“You see—” He got no further than “you see.”

“The soul and the body. The soul’s what matters,” said Agnes, and tapped for the waiter again. He looked at her admiringly, but felt that she was not a perfect critic. Perhaps she was too perfect to be a critic. Actual life might seem to her so real that she could not detect the union of shadow and adamant that men call poetry. He would even go further and acknowledge that she was not as clever as himself—and he was stupid enough! She did not like discussing anything or reading solid books, and she was a little angry with such women as did. It pleased him to make these concessions, for they touched nothing in her that he valued. He looked round the restaurant, which was in Soho and decided that she was incomparable.

“At half-past two I call on the editor of the ‘Holborn.’ He’s got a stray story to look at, and he’s written about it.”

“Oh, Rickie! Rickie! Why didn’t you put on a boiled shirt!”

He laughed, and teased her. “‘The soul’s what matters. We literary people don’t care about dress.”

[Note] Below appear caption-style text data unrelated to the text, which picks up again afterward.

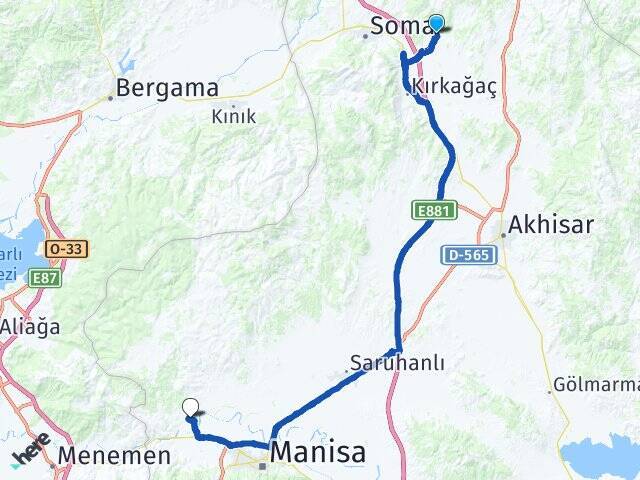 Bayat Celal Bayar Üniversitesi Arası Kaç Km - Yol Tarifi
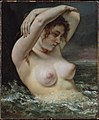 ギュスターヴ・クールベ『波の中の女』1868年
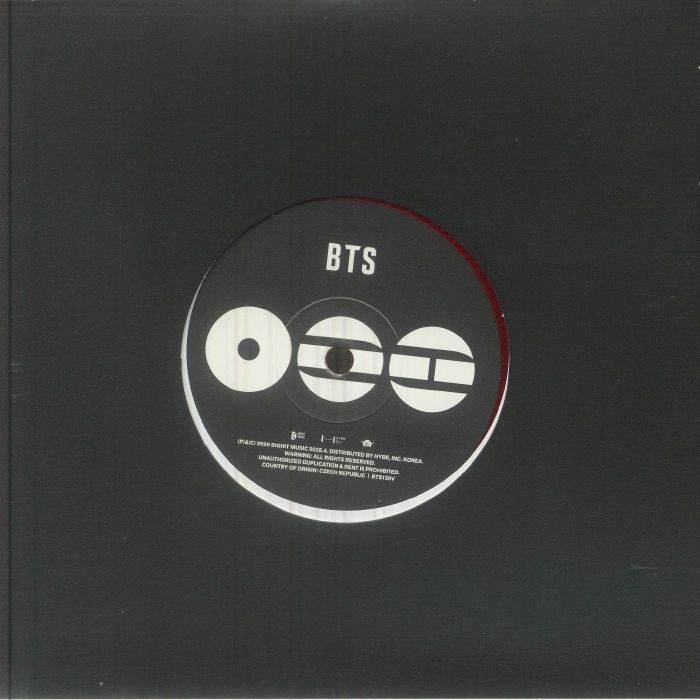 BTS - Swim - Vinyl (translucent red 7"")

“Well, you ought to care. And I believe you do. Can’t you change?”

“Too far.” He had rooms in South Kensington. “And I’ve forgot my card-case. There’s for you!”

She shook her head. “Naughty, naughty boy! Whatever will you do?”

“Send in my name, or ask for a bit of paper and write it. Hullo! that’s Tilliard!”

Tilliard blushed, partly on account of the faux pas he had made last June, partly on account of the restaurant. He explained how he came to be pigging in Soho: it was so frightfully convenient and so frightfully cheap.